◆ Exercise requirements:
Transcribe, exactly and without pictures, the lines below from the line with "Zdjęcie 8 z" to the line with "10x 8GB DDR4 RAM PC2133 Arbeitsspeicher", both ends included, and no others.

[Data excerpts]
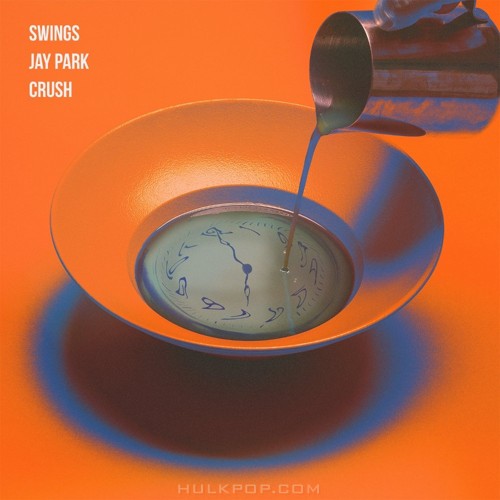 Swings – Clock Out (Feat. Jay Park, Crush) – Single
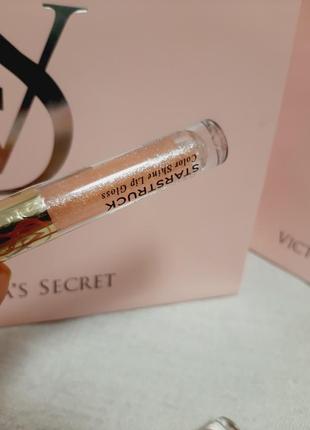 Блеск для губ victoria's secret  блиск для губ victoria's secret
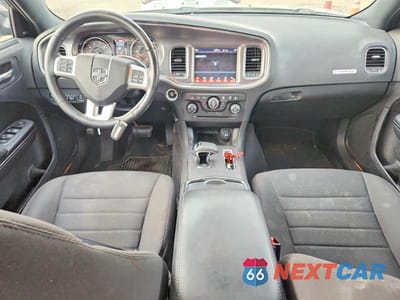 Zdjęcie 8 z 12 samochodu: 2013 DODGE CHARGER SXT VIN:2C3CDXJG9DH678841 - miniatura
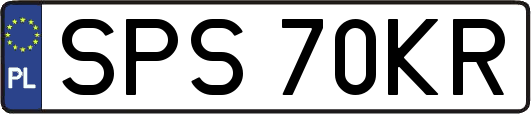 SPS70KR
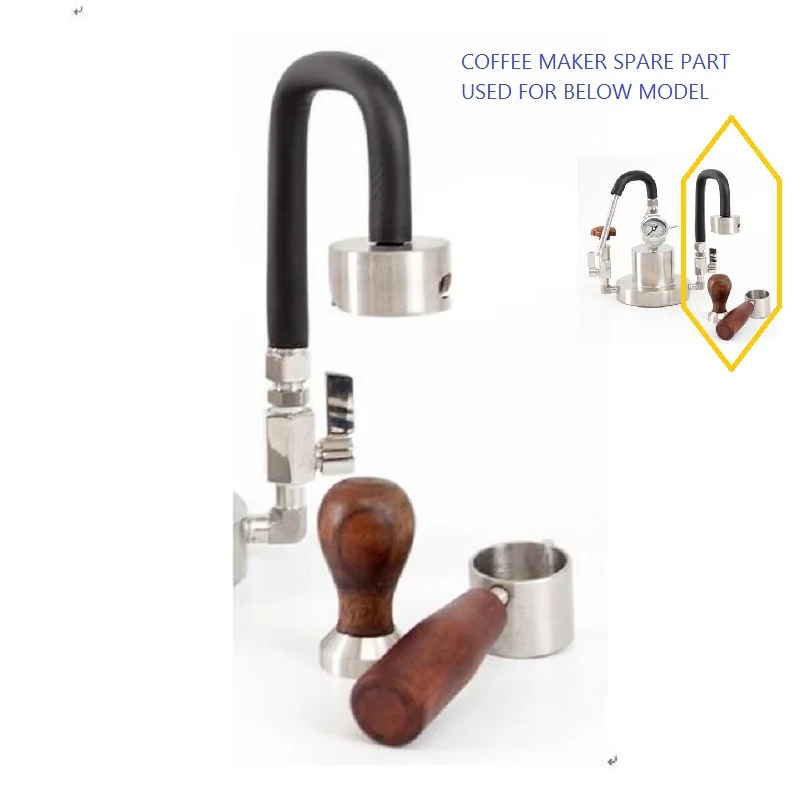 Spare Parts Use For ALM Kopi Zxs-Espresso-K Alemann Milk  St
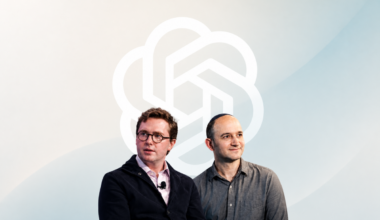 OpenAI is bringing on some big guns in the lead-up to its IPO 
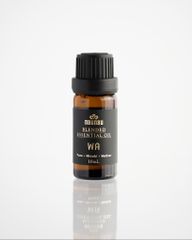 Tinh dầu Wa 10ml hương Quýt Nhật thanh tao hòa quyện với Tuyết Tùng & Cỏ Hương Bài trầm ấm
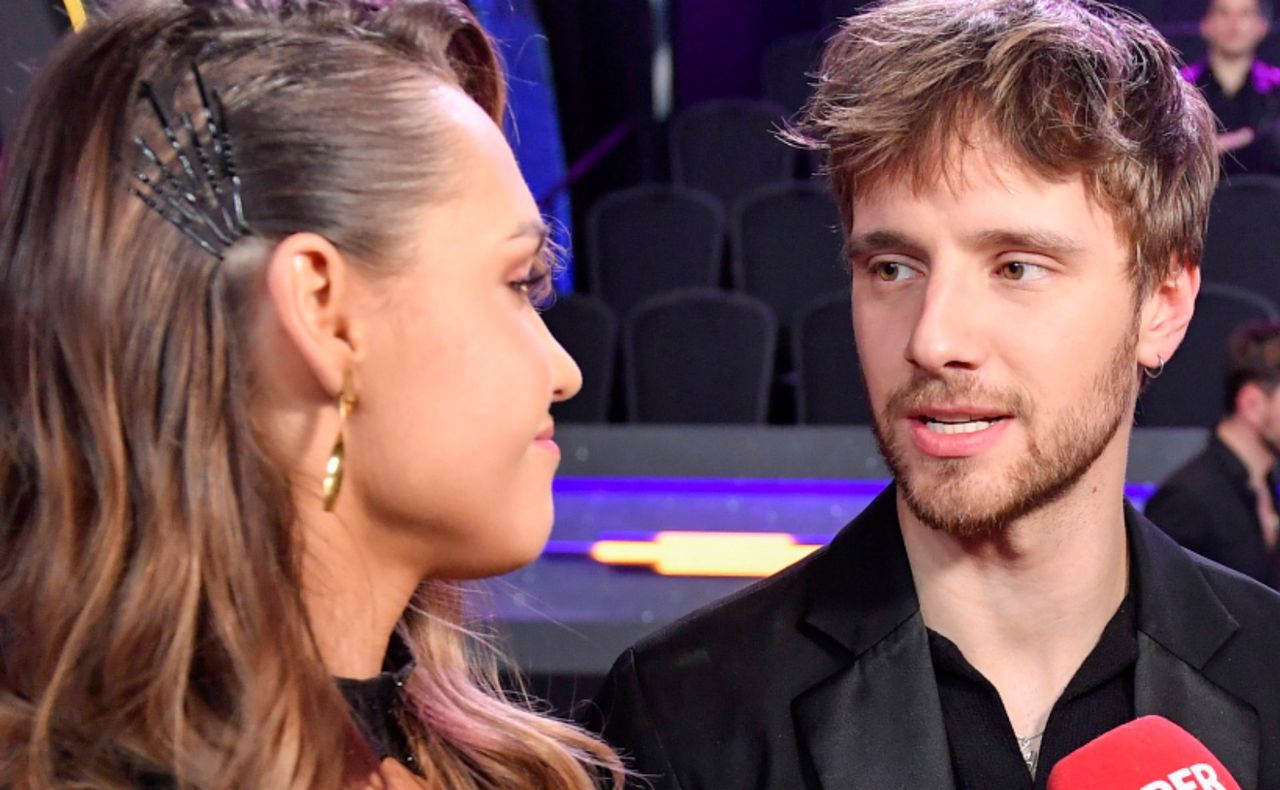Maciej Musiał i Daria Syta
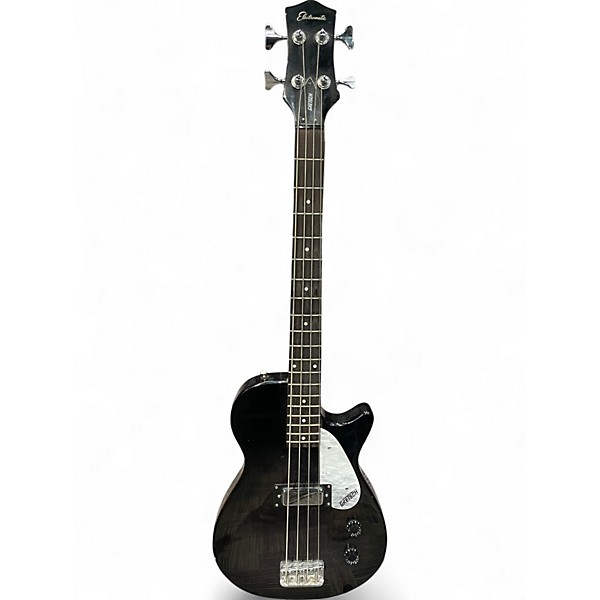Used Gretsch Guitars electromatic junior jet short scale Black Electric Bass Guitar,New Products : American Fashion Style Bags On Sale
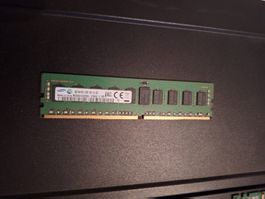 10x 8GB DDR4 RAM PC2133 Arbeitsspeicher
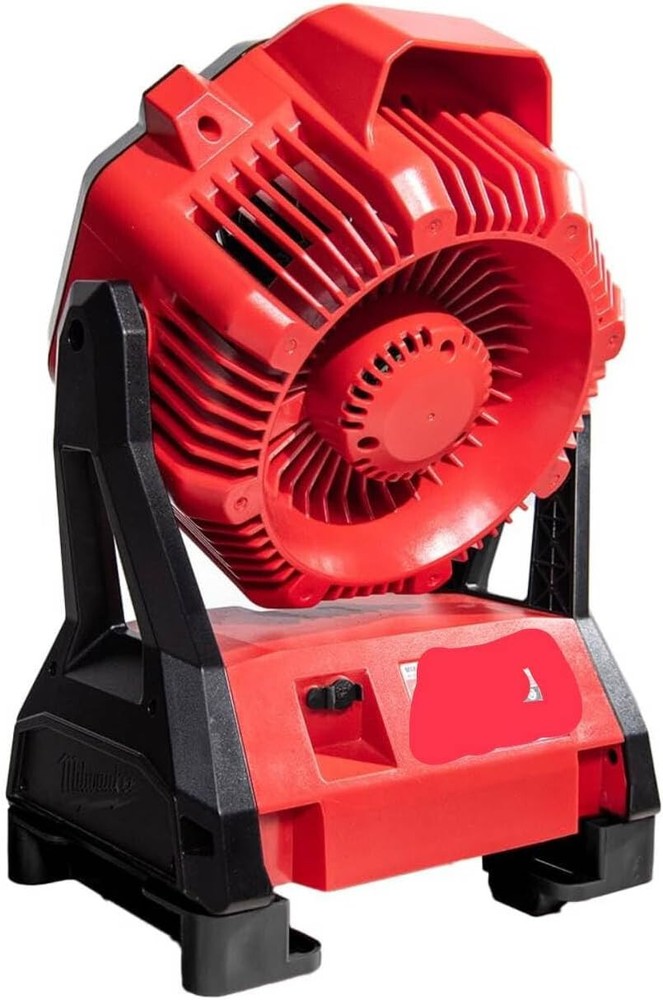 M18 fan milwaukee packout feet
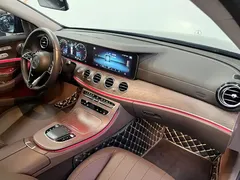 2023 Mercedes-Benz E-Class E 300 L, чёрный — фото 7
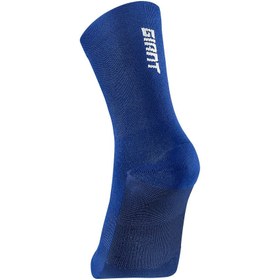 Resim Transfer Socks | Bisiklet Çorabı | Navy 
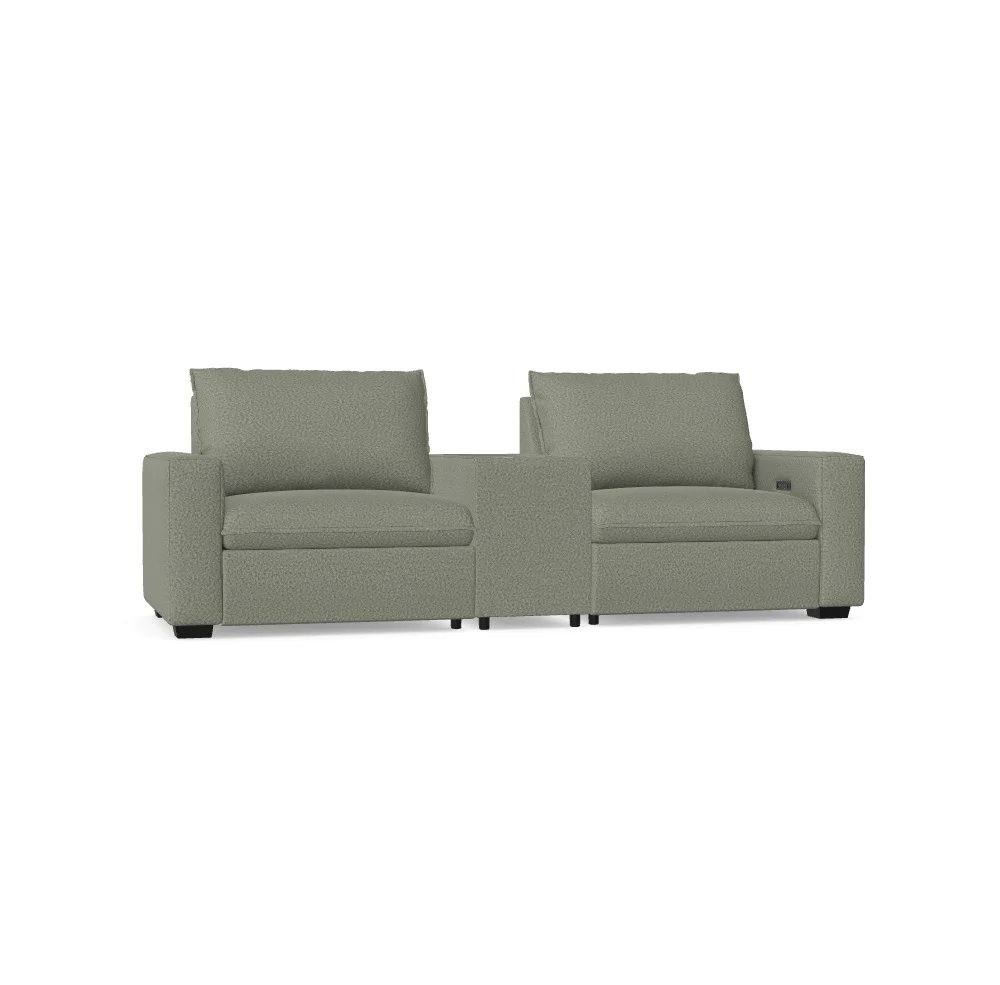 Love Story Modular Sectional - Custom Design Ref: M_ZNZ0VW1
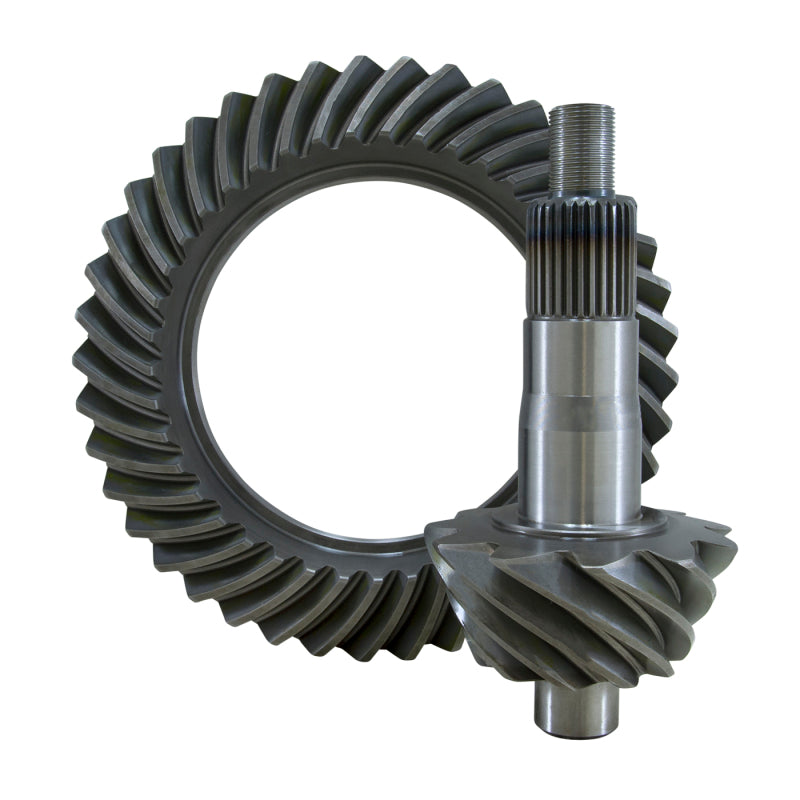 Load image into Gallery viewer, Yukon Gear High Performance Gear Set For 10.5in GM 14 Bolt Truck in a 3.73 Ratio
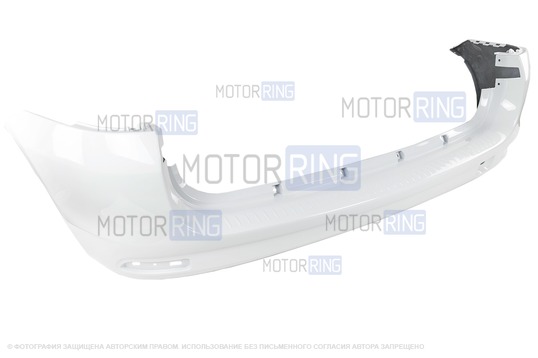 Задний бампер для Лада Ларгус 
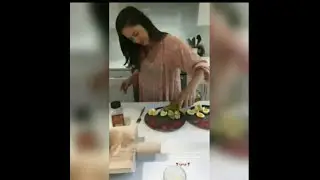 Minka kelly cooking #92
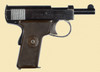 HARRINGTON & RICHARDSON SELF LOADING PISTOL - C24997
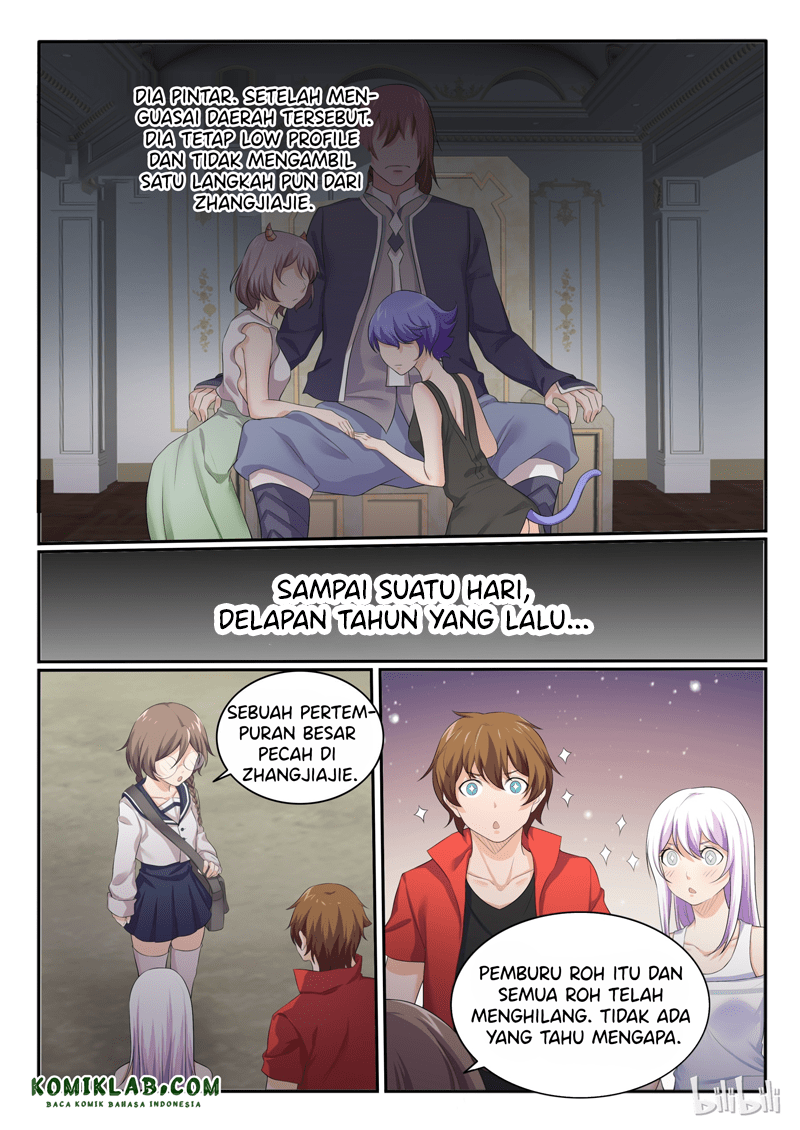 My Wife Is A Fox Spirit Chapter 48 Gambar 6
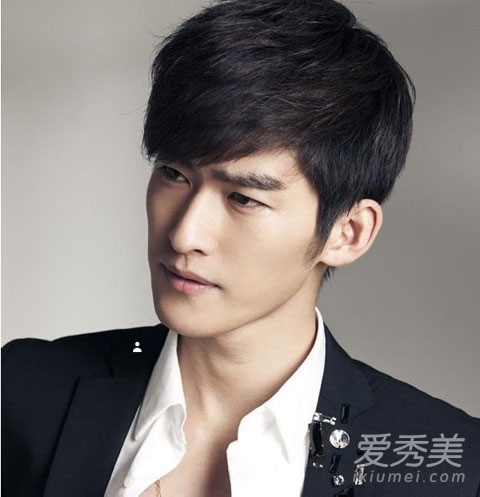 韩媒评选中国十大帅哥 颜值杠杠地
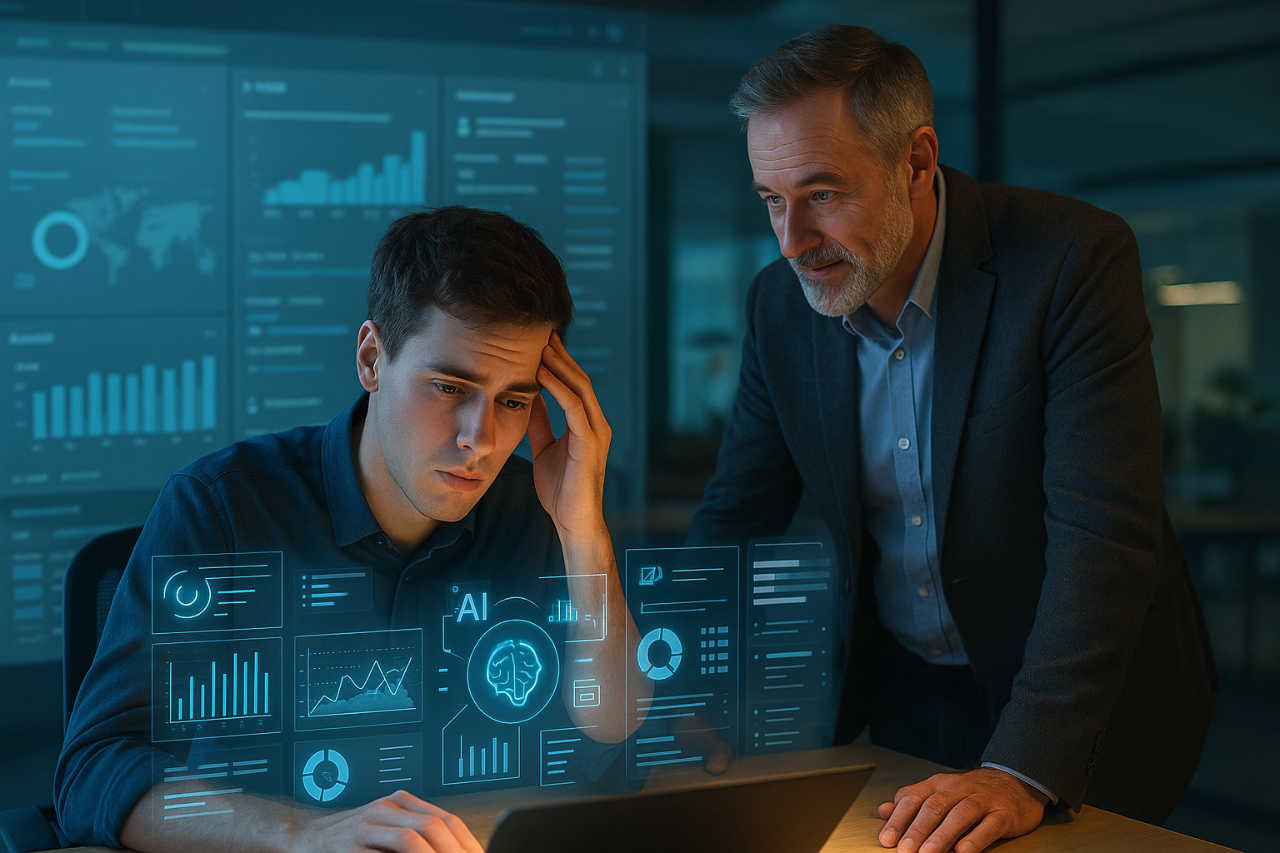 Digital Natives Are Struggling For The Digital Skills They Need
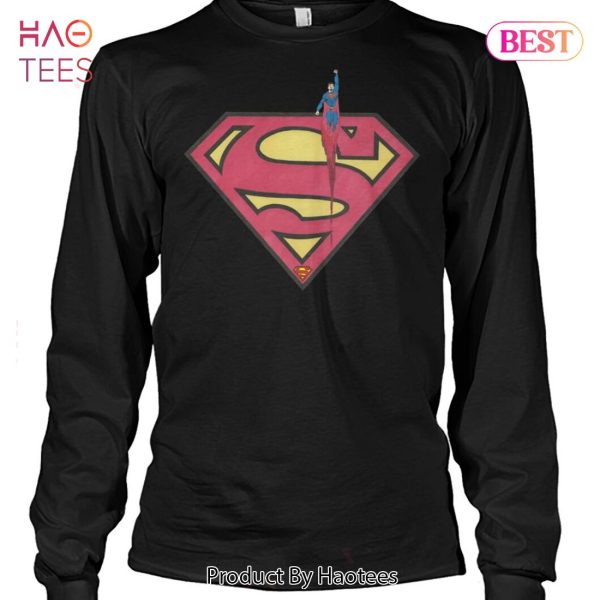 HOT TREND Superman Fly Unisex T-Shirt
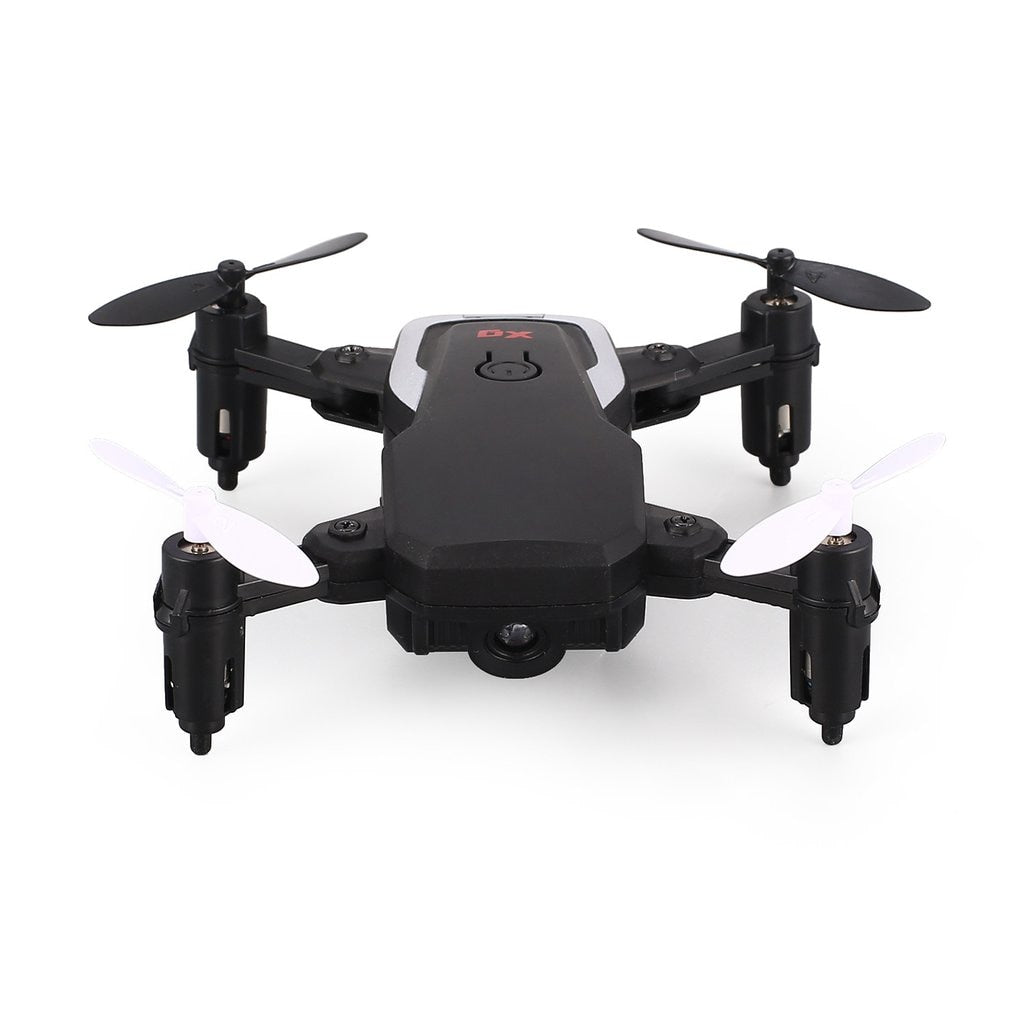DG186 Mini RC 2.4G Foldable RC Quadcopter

◆ Output for this task:
 Zdjęcie 8 z 12 samochodu: 2013 DODGE CHARGER SXT VIN:2C3CDXJG9DH678841 - miniatura
 SPS70KR
 Spare Parts Use For ALM Kopi Zxs-Espresso-K Alemann Milk  St
 OpenAI is bringing on some big guns in the lead-up to its IPO 
 Tinh dầu Wa 10ml hương Quýt Nhật thanh tao hòa quyện với Tuyết Tùng & Cỏ Hương Bài trầm ấm
Maciej Musiał i Daria Syta
Used Gretsch Guitars electromatic junior jet short scale Black Electric Bass Guitar,New Products : American Fashion Style Bags On Sale
 10x 8GB DDR4 RAM PC2133 Arbeitsspeicher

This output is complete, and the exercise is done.